Exercise instructions: Reproduce exactly the lines of this material that begin at the line with "뽕잎 상엽 가루 분말" and end at the line with "Close up of", both included. Omit the pictures and everything else.

Material provided:
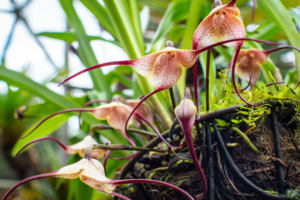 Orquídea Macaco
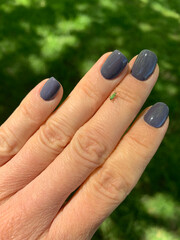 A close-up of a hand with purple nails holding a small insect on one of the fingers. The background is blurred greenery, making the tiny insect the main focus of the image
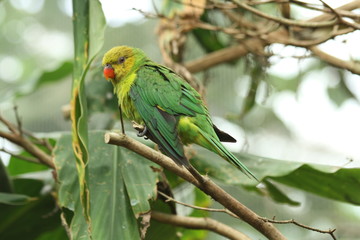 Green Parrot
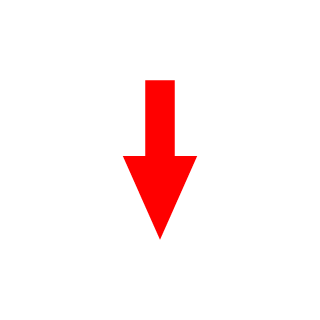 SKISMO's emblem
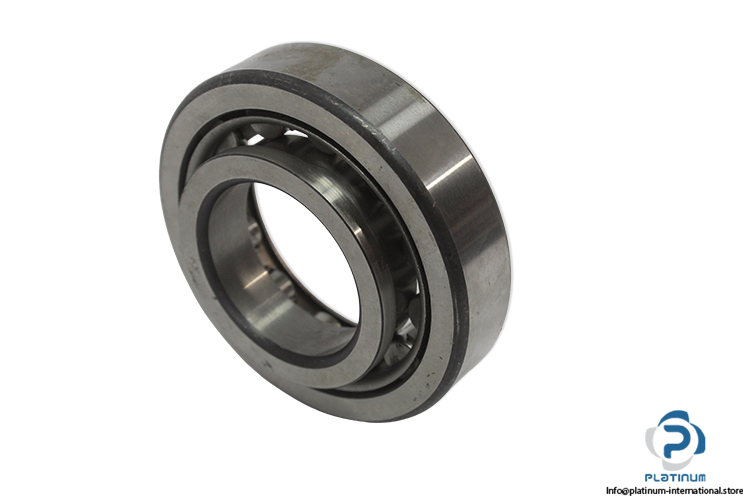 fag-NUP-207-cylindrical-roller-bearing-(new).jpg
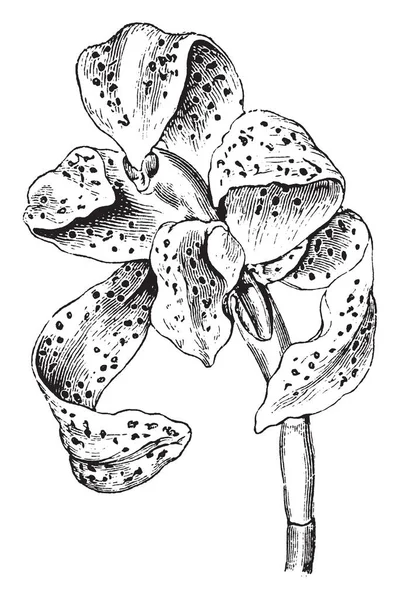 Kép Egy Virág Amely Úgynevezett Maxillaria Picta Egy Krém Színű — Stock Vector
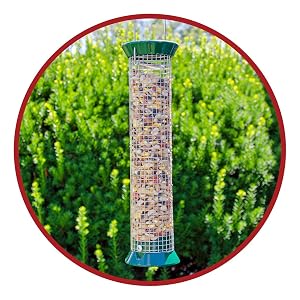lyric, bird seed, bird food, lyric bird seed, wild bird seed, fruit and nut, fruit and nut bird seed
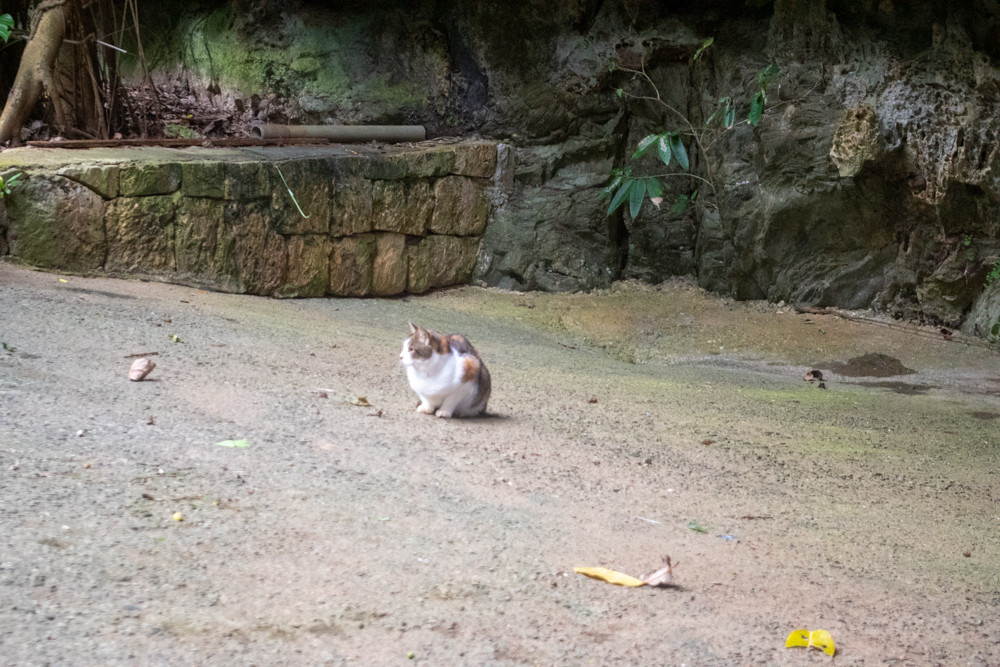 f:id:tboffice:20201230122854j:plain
==
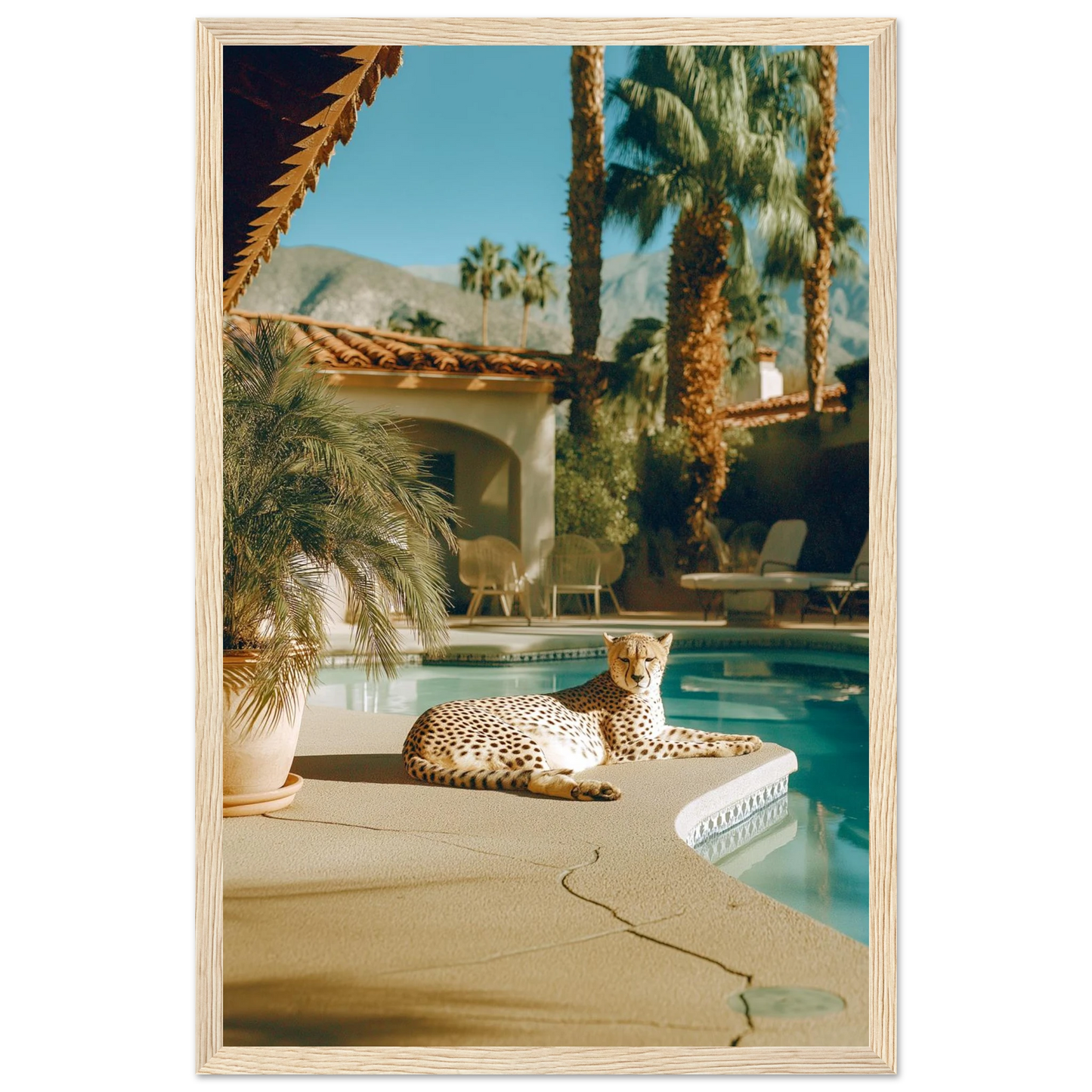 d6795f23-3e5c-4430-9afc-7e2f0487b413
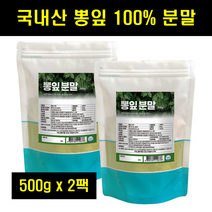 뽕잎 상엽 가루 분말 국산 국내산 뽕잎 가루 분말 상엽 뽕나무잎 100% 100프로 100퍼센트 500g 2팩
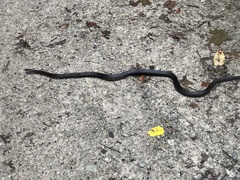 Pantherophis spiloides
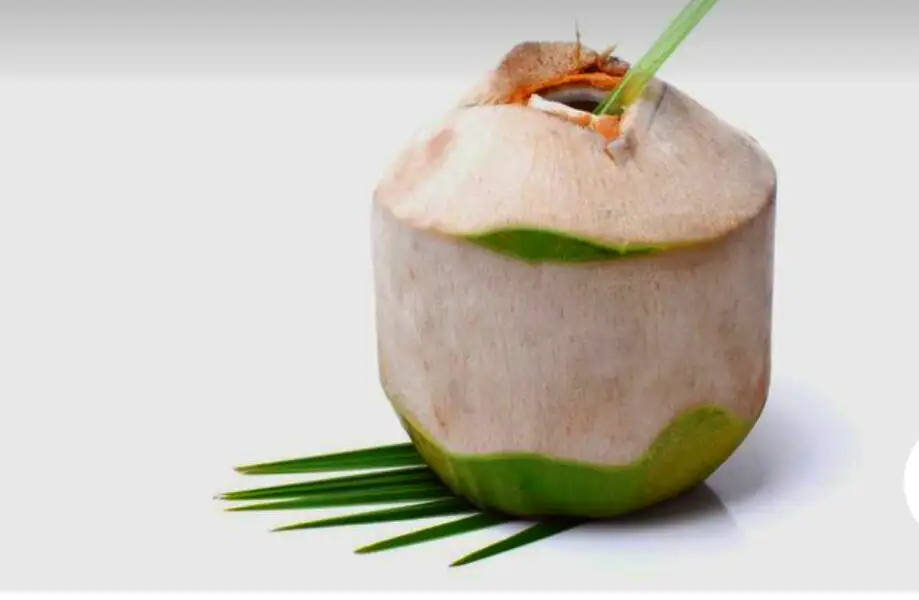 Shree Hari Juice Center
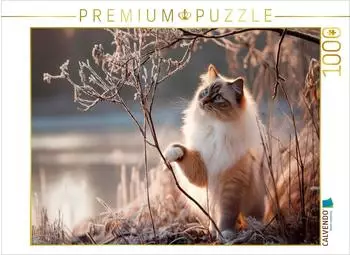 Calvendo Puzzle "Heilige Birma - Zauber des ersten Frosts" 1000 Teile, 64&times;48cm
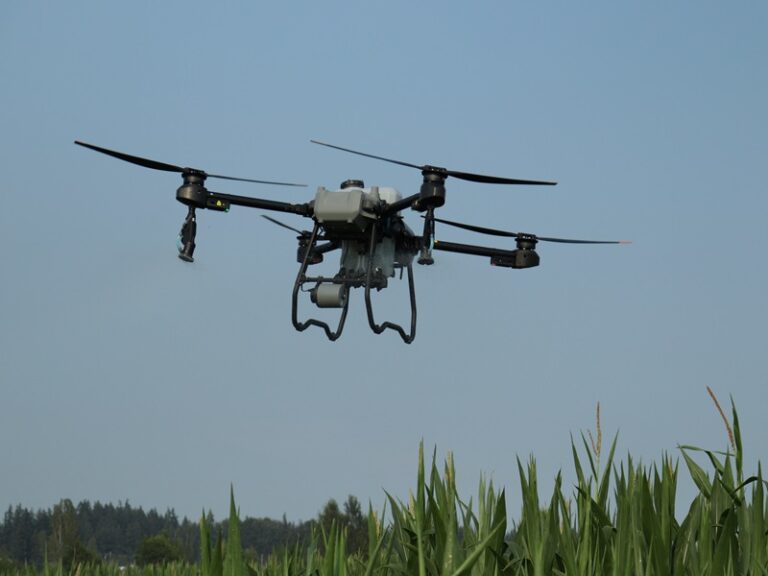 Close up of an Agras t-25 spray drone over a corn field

Your solution:
 뽕잎 상엽 가루 분말 국산 국내산 뽕잎 가루 분말 상엽 뽕나무잎 100% 100프로 100퍼센트 500g 2팩
 Pantherophis spiloides
 Shree Hari Juice Center
 Calvendo Puzzle "Heilige Birma - Zauber des ersten Frosts" 1000 Teile, 64&times;48cm
 Close up of an Agras t-25 spray drone over a corn field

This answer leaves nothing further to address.